▸ **Records excerpted from a collection**
++++++++
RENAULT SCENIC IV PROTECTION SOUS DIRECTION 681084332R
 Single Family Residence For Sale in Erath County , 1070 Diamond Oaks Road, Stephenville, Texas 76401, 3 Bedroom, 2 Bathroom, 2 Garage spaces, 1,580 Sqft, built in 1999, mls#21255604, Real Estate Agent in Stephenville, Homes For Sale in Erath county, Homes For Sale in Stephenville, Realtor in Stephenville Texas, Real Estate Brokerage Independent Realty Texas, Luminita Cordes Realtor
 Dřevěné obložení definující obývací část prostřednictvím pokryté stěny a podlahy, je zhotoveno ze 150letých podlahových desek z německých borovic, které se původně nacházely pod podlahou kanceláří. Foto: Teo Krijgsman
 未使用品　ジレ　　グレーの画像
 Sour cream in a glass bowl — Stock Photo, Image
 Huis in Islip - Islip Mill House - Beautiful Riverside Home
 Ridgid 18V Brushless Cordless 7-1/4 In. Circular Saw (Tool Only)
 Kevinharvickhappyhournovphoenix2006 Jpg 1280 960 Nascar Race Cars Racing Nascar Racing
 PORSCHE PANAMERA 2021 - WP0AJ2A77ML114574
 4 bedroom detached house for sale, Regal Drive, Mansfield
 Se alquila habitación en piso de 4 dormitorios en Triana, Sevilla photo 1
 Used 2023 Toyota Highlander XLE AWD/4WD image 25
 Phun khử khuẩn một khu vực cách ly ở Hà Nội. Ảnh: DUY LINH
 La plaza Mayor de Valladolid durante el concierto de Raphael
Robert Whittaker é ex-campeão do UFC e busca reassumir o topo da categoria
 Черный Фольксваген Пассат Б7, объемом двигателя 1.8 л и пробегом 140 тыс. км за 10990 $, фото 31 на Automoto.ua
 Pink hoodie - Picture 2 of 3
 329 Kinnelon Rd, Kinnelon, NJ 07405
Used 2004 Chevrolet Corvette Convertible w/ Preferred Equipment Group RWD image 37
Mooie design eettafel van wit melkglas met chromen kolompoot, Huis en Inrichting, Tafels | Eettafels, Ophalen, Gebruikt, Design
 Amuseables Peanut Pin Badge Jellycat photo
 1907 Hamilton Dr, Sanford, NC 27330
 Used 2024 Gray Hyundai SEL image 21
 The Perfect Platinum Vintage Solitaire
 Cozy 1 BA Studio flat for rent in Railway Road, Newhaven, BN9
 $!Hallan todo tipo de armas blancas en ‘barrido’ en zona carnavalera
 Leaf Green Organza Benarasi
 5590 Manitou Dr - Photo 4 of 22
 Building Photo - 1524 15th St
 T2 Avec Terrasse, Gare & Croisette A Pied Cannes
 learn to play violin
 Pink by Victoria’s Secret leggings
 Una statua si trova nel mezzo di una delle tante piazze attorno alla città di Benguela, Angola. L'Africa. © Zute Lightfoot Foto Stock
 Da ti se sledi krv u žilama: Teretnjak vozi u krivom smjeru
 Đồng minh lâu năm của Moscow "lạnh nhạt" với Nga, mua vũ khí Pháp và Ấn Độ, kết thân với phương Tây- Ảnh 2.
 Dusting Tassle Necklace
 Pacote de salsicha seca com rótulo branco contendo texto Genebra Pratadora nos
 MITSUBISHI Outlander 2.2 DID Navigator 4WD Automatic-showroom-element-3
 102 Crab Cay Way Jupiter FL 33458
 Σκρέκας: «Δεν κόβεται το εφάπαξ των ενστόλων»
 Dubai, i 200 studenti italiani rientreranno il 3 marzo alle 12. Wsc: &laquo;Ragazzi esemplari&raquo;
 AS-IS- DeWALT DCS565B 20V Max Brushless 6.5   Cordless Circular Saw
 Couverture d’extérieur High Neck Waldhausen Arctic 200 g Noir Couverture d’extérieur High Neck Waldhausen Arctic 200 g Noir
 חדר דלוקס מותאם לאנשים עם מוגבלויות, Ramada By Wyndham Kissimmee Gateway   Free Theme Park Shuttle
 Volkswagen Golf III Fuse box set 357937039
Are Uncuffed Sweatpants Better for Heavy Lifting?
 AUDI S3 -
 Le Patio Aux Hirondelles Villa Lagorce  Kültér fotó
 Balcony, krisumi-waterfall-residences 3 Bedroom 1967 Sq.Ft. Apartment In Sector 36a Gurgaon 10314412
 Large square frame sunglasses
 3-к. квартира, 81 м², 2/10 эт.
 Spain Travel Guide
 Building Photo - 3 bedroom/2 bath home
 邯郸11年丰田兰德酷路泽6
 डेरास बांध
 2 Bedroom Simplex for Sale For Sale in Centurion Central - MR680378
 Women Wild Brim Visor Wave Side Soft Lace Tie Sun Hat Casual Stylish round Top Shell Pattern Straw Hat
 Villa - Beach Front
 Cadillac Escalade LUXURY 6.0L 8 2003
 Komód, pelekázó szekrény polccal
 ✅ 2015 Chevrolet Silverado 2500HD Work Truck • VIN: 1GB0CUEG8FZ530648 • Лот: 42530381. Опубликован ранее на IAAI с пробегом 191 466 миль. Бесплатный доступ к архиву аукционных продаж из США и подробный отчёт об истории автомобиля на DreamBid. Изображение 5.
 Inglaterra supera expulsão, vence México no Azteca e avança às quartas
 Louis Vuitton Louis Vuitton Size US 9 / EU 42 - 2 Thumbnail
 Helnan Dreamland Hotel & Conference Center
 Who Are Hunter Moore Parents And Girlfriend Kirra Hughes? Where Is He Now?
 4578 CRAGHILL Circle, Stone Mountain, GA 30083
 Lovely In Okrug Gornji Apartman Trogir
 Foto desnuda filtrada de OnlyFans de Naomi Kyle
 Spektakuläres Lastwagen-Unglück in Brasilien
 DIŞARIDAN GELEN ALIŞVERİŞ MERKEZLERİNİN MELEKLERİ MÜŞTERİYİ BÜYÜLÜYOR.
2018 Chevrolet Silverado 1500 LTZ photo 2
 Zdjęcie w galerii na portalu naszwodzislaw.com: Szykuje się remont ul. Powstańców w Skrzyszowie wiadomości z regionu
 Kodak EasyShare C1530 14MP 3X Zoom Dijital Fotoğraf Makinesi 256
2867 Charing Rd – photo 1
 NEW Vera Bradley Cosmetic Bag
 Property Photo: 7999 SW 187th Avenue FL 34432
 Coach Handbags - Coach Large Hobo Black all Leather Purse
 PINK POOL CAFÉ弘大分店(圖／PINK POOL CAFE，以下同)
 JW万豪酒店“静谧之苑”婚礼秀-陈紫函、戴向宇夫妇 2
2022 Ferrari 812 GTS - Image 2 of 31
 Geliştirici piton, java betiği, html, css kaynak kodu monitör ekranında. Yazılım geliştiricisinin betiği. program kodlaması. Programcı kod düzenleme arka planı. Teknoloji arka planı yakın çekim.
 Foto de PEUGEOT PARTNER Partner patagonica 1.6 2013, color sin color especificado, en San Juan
++++++++
▸ **Exercise details**
Return the number of lines in the records holding the string "Cordless", without any other words.

▸ **Final answer**
2